Tanık beyanlarına göre mağdur Ayşegül Terzi'nin tekme eyleminden önce sanığa karşı eyleminin olmadığı gibi aralarında bir diyaloğun da bulunmadığının anlaşıldığı vurgulanan gerekçeli kararda, bu nedenle sanık hakkında haksız tahrik hükümlerinin uygulanmadığı kaydedildi.
"BİR SOSYAL KESİMİ, DİĞER KESİM ALEYHİNE KIŞKIRTTI"
Gerekçeli kararda, sanığın eyleminden sonra emniyet ve sorgulama aşamasındaki beyanları ve yargılama sürecindeki davranışları ve beyanlarının yargılamaya olumlu katkısı olmaması nedeniyle de cezasında indirim yapılmadığı anlatıldı.Sanığın mahkemede pişman olduğunu belirtse de son sözleri ve soruşturma aşamasındaki beyanlarında eylemini haklı olarak gerçekleştirdiği manasına gelecek sözler sarfettiği aktarılan gerekçeli kararda, bu nedenle mahkemece pişmanlığında samimi olmadığı kanaati hasıl olduğundan ve ileride yeniden suç işlemeyeceği yönünde olumlu kanaat oluşmadığından cezalarında ertelemeye gidilmediği, hükmün açıklanmasının geri bırakılmadığı ve para cezasına çevrilmediği kaydedildi.
Gerekçeli kararda, mağdur Terzi'ye kıyafeti nedeniyle sanığın tekme atmasının TCK'nın 115. maddesindeki inanç düşünce ve kanaatlerden kaynaklanan yaşam tarzı tercihlerine müdahale suçunu oluşturduğu anımsatılarak, sanığın halka açık bir alanda, otobüste, alenen mağdurun inancından, düşüncesinden, kanaatinden dolayı, şort giymesinden dolayı müdahale etmesinin aynı zamanda toplumun bir sosyal kesimini, diğer kesimi aleyhine kışkırttığı vurgulandı.
"DAHA SONRA BENZER OLAYLAR YAŞANDI"
Daha sonra benzer eylemlerin meydana gelmesinin kamu güvenliğinin bozulmasında açık ve yakın bir tehlike oluşturması dikkate alındığında, bu eylemin TCK'nın 216. maddesindeki "halkı kin ve düşmanlığa tahrik" suçunu da oluşturduğu ifade edilen gerekçeli kararda, sanığın tek eylemle kanunun birden fazla hükmünü ihlal ettiği belirtildi.

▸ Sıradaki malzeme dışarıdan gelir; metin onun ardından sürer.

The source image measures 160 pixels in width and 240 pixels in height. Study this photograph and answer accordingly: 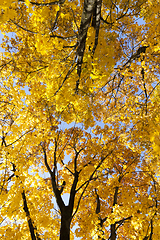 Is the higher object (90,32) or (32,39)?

Gerekçeli kararda, TCK'nın 115. maddesi ile 216. maddesindeki suçların alt sınırlarının 1 yıl, üst sınırlarının da 3 yıl hapis cezazı olarak aynı olduğu, TCK'nın 115. maddesinden hüküm kurulduğundan "fikri içtima kuralı" gereğince "TCK'nın 216. maddesindeki "halkı kin ve düşmanlığa tahrik" suçundan hüküm kurulmasına ve ve ceza verilmesine yer olmadığına karar verildiği belirtildi.
Davaya ilişkin 7 Eylül'de kararını açıklayan Anadolu 40. Asliye Ceza Mahkemesi, sanık Çakıroğlu'nu "basit tıbbi müdahale ile giderilebilecek ölçüde kasten yaralama", "cebir ve tehdit kullanarak inanç, düşünce veya kanaatlerinden kaynaklanan yaşam tarzına ilişkin tercihlerine müdahale ederek bunları değiştirmeye zorlama" ve "hakaret" suçundan toplam 3 yıl 10 ay hapisle cezalandırmıştı.